**Task directions**
Please copy out the entries until you have copied the line that contains "Pu&ograve; includere: Design", beginning with the first line.

══ Available data ══

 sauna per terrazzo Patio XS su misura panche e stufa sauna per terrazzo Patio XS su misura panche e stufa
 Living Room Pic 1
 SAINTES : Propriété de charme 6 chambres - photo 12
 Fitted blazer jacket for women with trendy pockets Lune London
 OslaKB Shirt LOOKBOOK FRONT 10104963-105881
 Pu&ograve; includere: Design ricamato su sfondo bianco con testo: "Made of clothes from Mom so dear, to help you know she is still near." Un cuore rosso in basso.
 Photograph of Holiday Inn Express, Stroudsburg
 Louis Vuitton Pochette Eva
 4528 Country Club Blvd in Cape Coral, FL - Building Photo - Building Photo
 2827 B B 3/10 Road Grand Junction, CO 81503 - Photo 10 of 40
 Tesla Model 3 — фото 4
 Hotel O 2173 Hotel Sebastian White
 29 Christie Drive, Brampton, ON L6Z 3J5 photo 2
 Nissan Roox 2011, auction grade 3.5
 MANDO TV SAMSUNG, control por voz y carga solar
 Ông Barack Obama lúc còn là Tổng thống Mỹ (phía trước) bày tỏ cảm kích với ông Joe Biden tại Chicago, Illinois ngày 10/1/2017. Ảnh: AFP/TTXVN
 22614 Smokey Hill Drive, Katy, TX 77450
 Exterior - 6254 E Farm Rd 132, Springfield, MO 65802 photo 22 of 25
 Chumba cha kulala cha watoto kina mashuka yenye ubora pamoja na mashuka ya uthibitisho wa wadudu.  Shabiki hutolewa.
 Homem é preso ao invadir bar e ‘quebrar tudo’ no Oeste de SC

═══

**Solution**
 sauna per terrazzo Patio XS su misura panche e stufa sauna per terrazzo Patio XS su misura panche e stufa
 Living Room Pic 1
 SAINTES : Propriété de charme 6 chambres - photo 12
 Fitted blazer jacket for women with trendy pockets Lune London
 OslaKB Shirt LOOKBOOK FRONT 10104963-105881
 Pu&ograve; includere: Design ricamato su sfondo bianco con testo: "Made of clothes from Mom so dear, to help you know she is still near." Un cuore rosso in basso.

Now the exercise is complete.